FCW: What exactly is the NCCOE, and what are you doing there?
Donna Dodson: The purpose of the center is to help with the broad adoption of cybersecurity tools and technologies that are currently available, to get them in use and get people understanding how to use them throughout the lifecycle.
We have good technologies available today from the commercial side. How do we maximize the capabilities that are there, and where do we need innovation to grow to meet the demands where the technology isn't up to where it should be? That's really the heart and soul of what we're trying to do.
FCW: How does the NCCOE support provisions in President Obama's executive order, which focuses heavily on public-private partnership?
DD: The foundation of the center has been on a public-private partnership. That is at the core of what we're doing, so we have the IT industry coming in as long-term partners with us so that we're using technologies and capabilities that you can go out and purchase, that are built on those standards, best practices and use cases. It's about working with different communities like utilities, financial, manufacturing, health care, transportation and the federal government.
It's also important to have that conversation with not just cybersecurity practitioners – starting with the business requirements first and then working your way into the cybersecurity platform. You have to understand what the business environments are like and you have to think about the information, the environment and the users in order to build out cybersecurity in a meaningful way.
FCW: So it seems like the Center of Excellence is a clearinghouse for all these different communities to come together and explain what they need.
DD: Yes, and to work with them on these business requirements and work with the community as a whole to complete blueprints. Then they can go back and work with their CIO shop, or perhaps they're working with some integrators, and say, "Here's a blueprint of the things that we need to do. Help us in our own environment."
FCW: Where does the COE fit in with the creation of a cybersecurity framework?
DD: Being able to work with the critical infrastructure communities and working together at building this out is one way to meet requirements laid out in that framework.
I can easily envision as the framework solidifies, the NCCOE being able to work with the build-out of functions and categories, based on standards, with different critical infrastructure communities. Also, as we see additional gap areas, being able to work with them on those gaps, understanding what they are and what the requirements look like. Then that gets fed back into NIST and the standards bodies.
So you can see an evolution of standards and best practices that drives the center. Then the center identifies where we need more work, and that drives back the standards and best practices we need on a national and international basis.

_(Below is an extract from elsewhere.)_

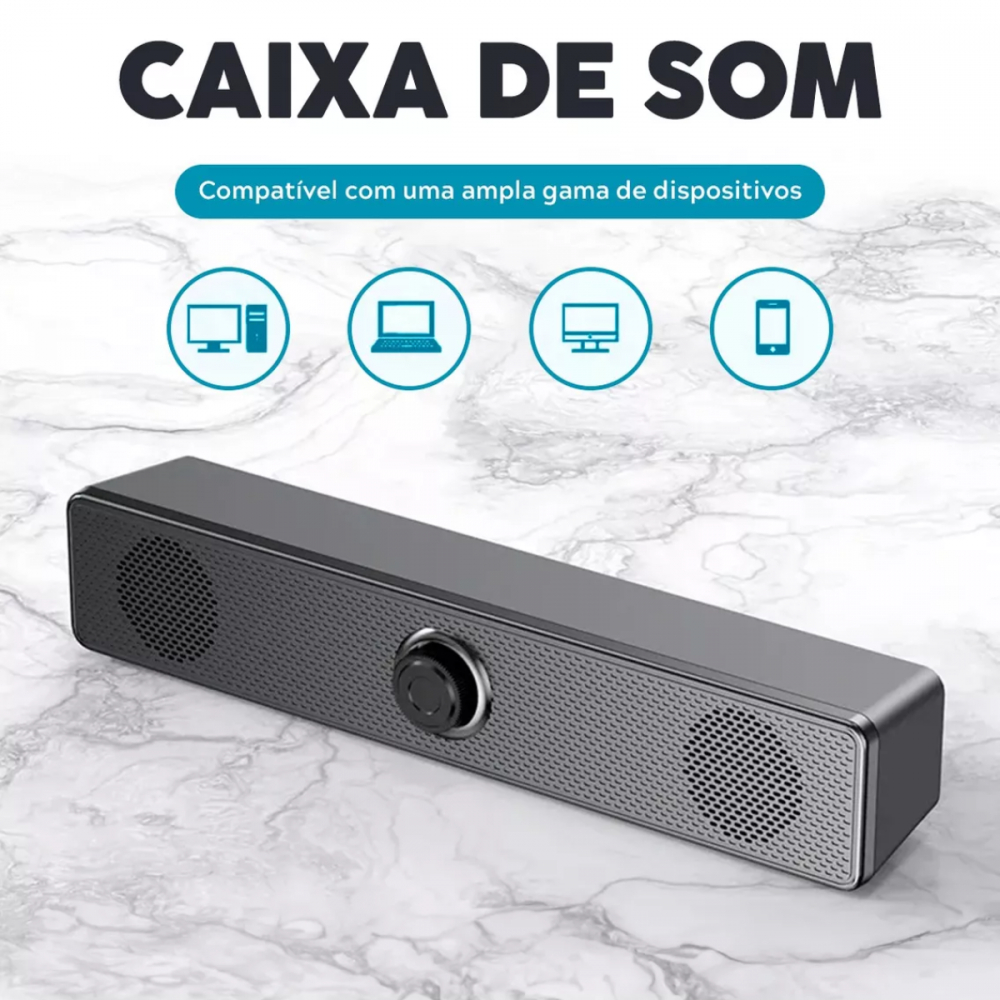 Caixa De Som Potente Soundbar Com LED Para Computadores/Notebook USB P2 ...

FCW: Cyber workforce has been a big issue – both in the executive order and in subsequent directives. For example, agencies have been directed to take stock of their in-house capabilities. What kind of role does the COE play in the workforce aspect?

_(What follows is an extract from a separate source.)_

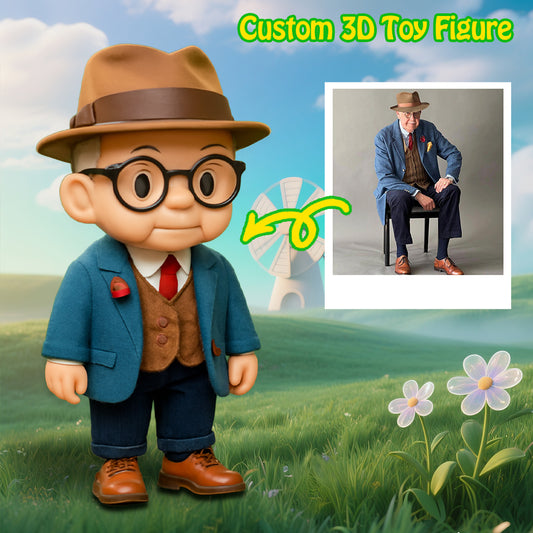 Custom 3D Action Figure From Your Photo Personalized Toy Figure to Grandfather Custom Action Figure Gifts For Father's Day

DD: I think as you're working from business requirements down to cybersecurity platforms, you begin to understand the lifecycle of that platform, what you need to build and maintain it, what your users need to be doing. So it informs the workforce and helps validate the types of competencies that they've identified, and how well they fit in the technology space.
We work with the business owners who are working to meet different legal and policy challenges as they put this into play. So understanding those challenges from a workforce perspective and management perspective is equally as important as the bits and bytes folks. NIST spends more time with the bits and bytes folks ... but we're working to bring in more students into the center so we can take advantage of their expertise and capabilities, and they can learn more about cybersecurity from that practical perspective and what it means to build it out.

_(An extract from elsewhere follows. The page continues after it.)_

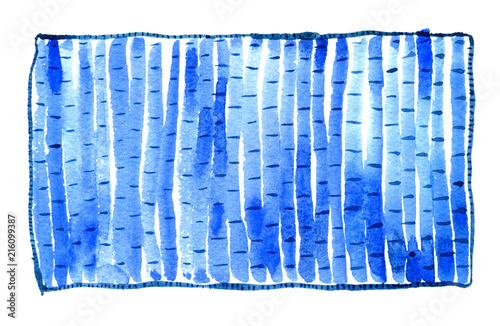 Blue carpet watercolor illustration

Those kinds of students can range: the engineers and computer scientists, but also sociologists and cognitive scientists that help us understand how we interact with technology. The end user aspect can't be underplayed in addressing our cybersecurity challenges. You have to provide tools and techniques that make it easy to do the right thing and hard to do the wrong thing.
The center, NIST's National Initiative for Cybersecurity Education and the executive order all come together to create that culture of cybersecurity that we need in organizations.